Ottenere il massimo volume da una traccia audio

Ottenere il massimo volume da una traccia audio evitando l’Onda quadra

In questa guida introduttiva, vediamo come ottenere il massimo volume da una traccia audio, senza incorrere nella distorsione digitale e la differenza che passa tra normalizzare e limitare un segnale audio.

Ottenere il massimo volume da una traccia audio

Quando ascoltiamo le produzioni musicali di un certo calibro e le confrontiamo con le nostre, spesso ci accorgiamo che il suono delle prime ha un volume generale maggiore; mentre le nostre suonano decisamente più “basse”.

Quindi, si comincia, spesso, ad effettuare una serie di operazione, affinché il brano suoni ad un volume più alto, ottenendo, invece, come risultato finale un segnale audio completamente distorto.

Per evitare che accada ciò, una delle tante operazioni da effettuare in fase di editing, è “limitare il segnale audio”.

Resta sottinteso il fatto, che tutti gli stadi di preamplificazione del segnale, presenti nel setup del nostro recording studio, devono essere correttamente impostati prima ancora che il segnale venga effettivamente registrato.

Infatti, se il segnale viene acquisito già distorto utilizzare il limiter non servirà praticamente a nulla!

Distorsione digitale

Nel dominio digitale, lo 0 dB, rappresenta il limite invalicabile oltre il quale ogni segnale acquisito, prodotto dal PC, o qualsiasi altro strumento musicale digitale, viene tagliato; quindi, la sua forma d’onda risulta distorta (onda quadra).

Per comprendere meglio questo concetto, paragoniamo le ampiezze dei picchi di un segnale audio all’altezza di un gruppo di persone in una stanza.

Poniamo il caso che queste persone comincino a saltare e, per assurdo, i più alti arrivino ad urtare la testa contro il soffitto… risultato? Trauma cranico (ovvero, distorsione digitale).

Ottenere il massimo volume da una traccia audio

Il Limiter

Ottenere il massimo volume da una traccia audio

L’azione di un limiter sul segnale audio può essere paragonata a quella di una sorta di imbottitura applicata sul soffitto per “evitare possibili traumi”.

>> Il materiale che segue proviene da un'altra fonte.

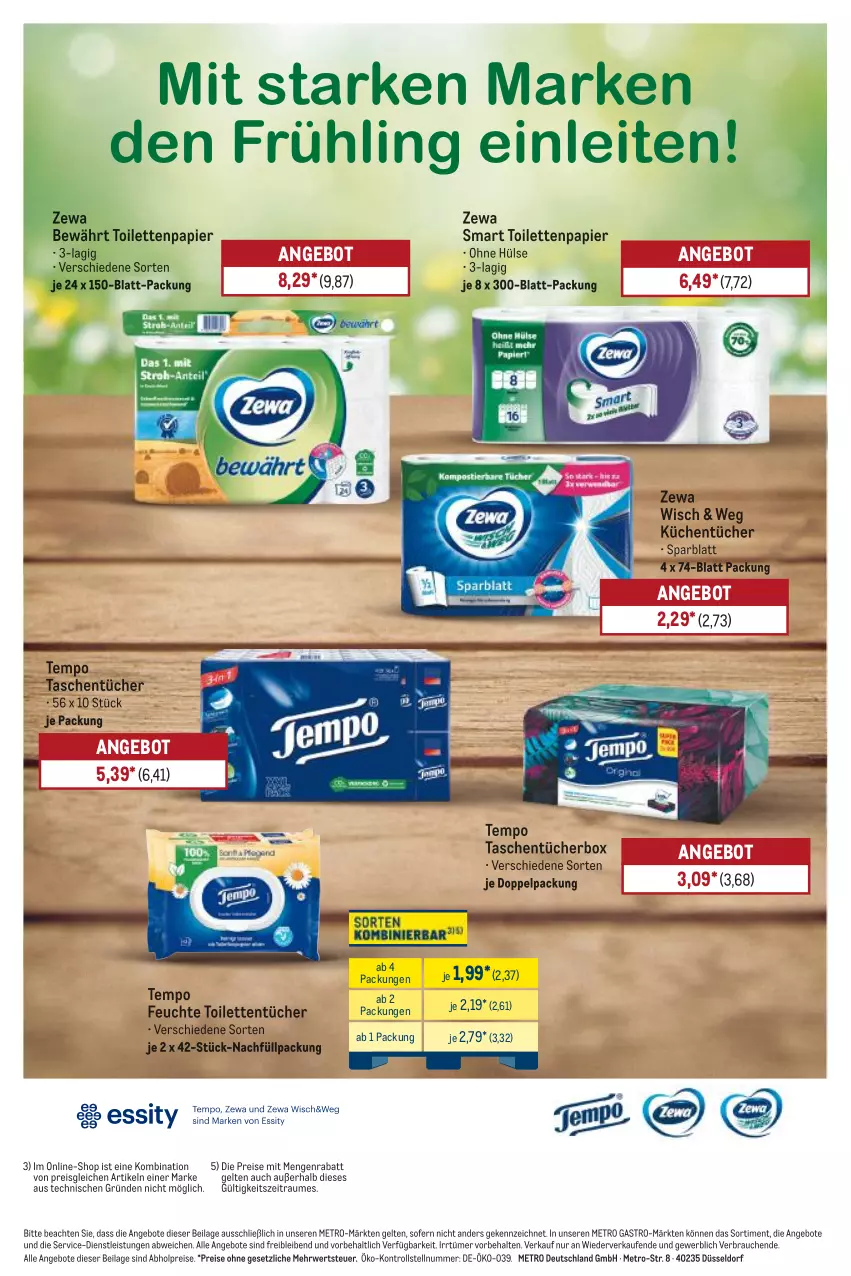 Aktueller Prospekt Metro - Starke Marken - von 05.05 bis 10.05.2025 - strona 13 - produkty: abholpreise, angebot, angebote, eis, ilag, küche, Küchen, küchentücher, Metro, metro gastro, papier, Rauch, reis, rwe, Tasche, taschen, taschentücher, Taschentücherbox, Tempo, Ti, toilettenpapier, toilettentücher, tücher, zewa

In pratica il limiter evita che i picchi più alti del segnale oltrepassino lo 0 dB (distorsione digitale). Volendo, si può anche impostare in maniera tale che i picchi più bassi raggiungano un livello più alto. Il risultato sarà un generale aumento del volume del brano.

Normalizzare

L’algoritmo per la normalizzazione del segnale è differente dal limiter: con la normalizzazione si calcola l’altezza del picco più alto del segnale e, se inferiore a 0 dB, si innalza il volume della traccia audio fino al raggiungimento di questa soglia.

Il volume generale viene innalzato fino a che il picco più alto sia prossimo a 0 dB. In questo modo le differenze relative tra gli altri picchi del segnale rimangono invariate.

Limitare senza esagerare

Algoritmo di limiter

Non esageriamo nell’applicare il limiter; in caso contrario il risultato sarà l’appiattimento della dinamica del segnale. Chiaramente molto dipende dal contesto musicale del brano, o dalla parte da “limitare”.

Nella musica classica solitamente si evita l’utilizzo dei processori di dinamica.

Nel pop-rock l’utilizzo di tali processori aiuta a livellare il segnale.

Nella dance la compressione è indispensabile per ottenere il classico effetto pacca!